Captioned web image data
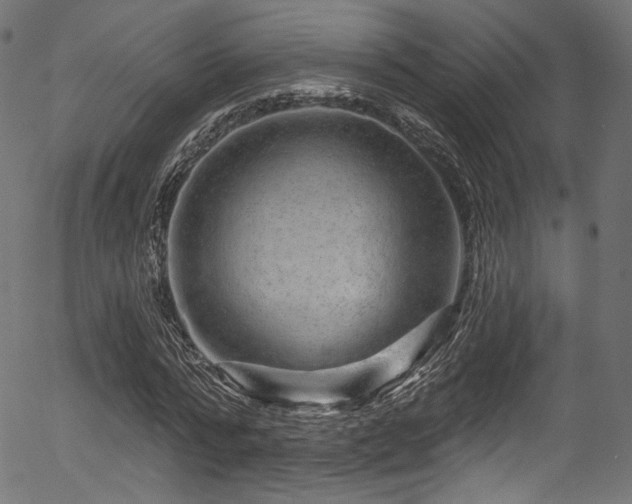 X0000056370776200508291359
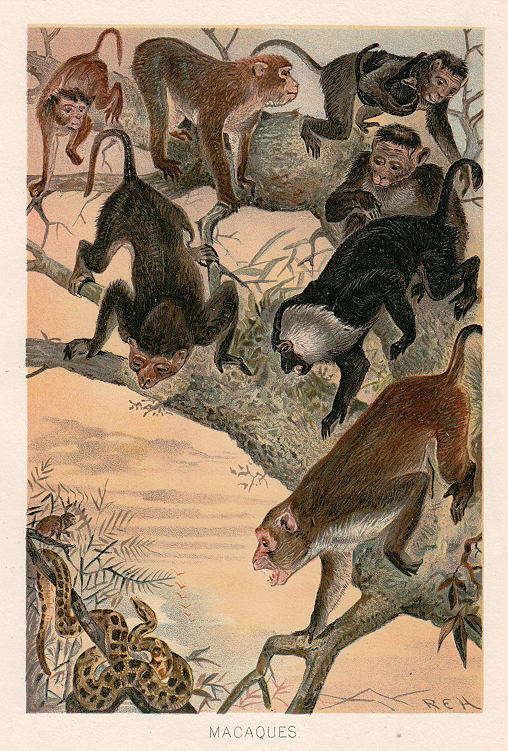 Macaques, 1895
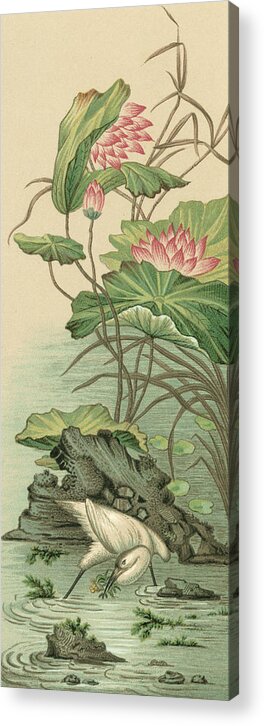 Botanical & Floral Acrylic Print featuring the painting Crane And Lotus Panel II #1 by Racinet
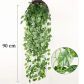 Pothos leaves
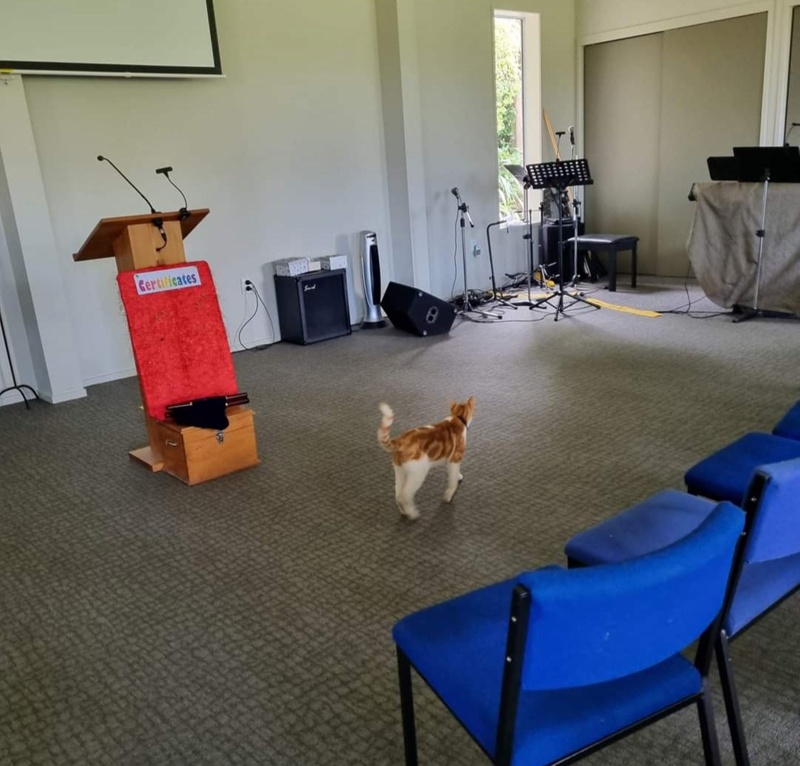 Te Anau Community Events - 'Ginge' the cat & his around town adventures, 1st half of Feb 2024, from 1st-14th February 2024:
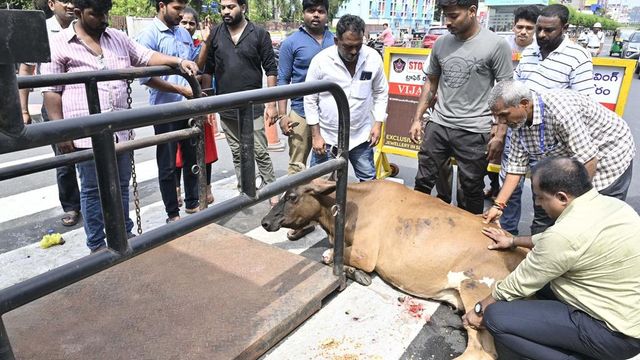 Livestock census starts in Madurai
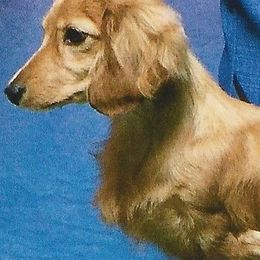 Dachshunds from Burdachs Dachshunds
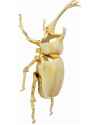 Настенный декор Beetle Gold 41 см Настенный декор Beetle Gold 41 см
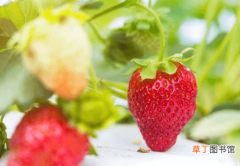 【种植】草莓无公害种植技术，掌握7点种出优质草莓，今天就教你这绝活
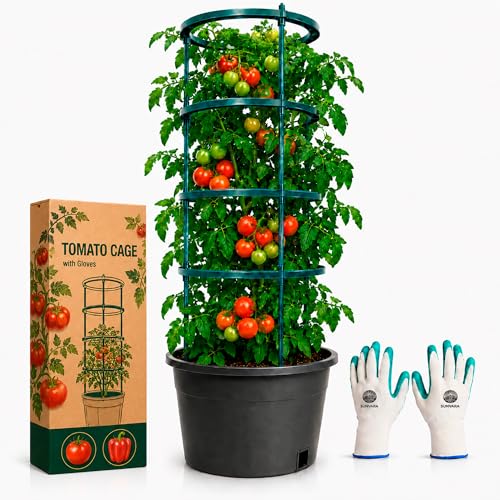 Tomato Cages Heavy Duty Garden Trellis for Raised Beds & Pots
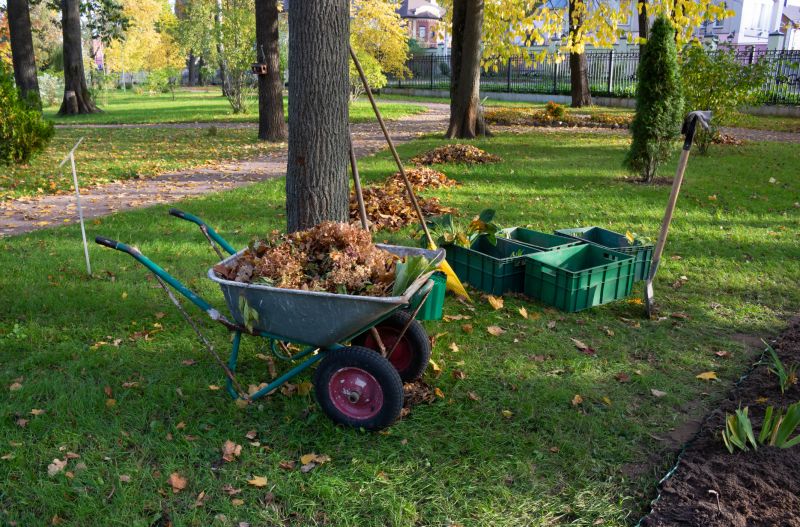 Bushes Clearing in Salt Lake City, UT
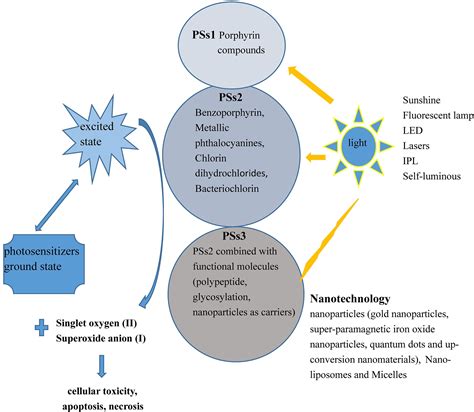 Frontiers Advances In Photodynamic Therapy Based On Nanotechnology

▶ _DIRECTIONS FOR THIS TASK_
Every line from the one containing "Tomato Cages Heavy" through the end of the entries above is to be copied exactly; pictures are to be left out.

▶ _WRITTEN ANSWER_
 Tomato Cages Heavy Duty Garden Trellis for Raised Beds & Pots
 Bushes Clearing in Salt Lake City, UT
 Frontiers Advances In Photodynamic Therapy Based On Nanotechnology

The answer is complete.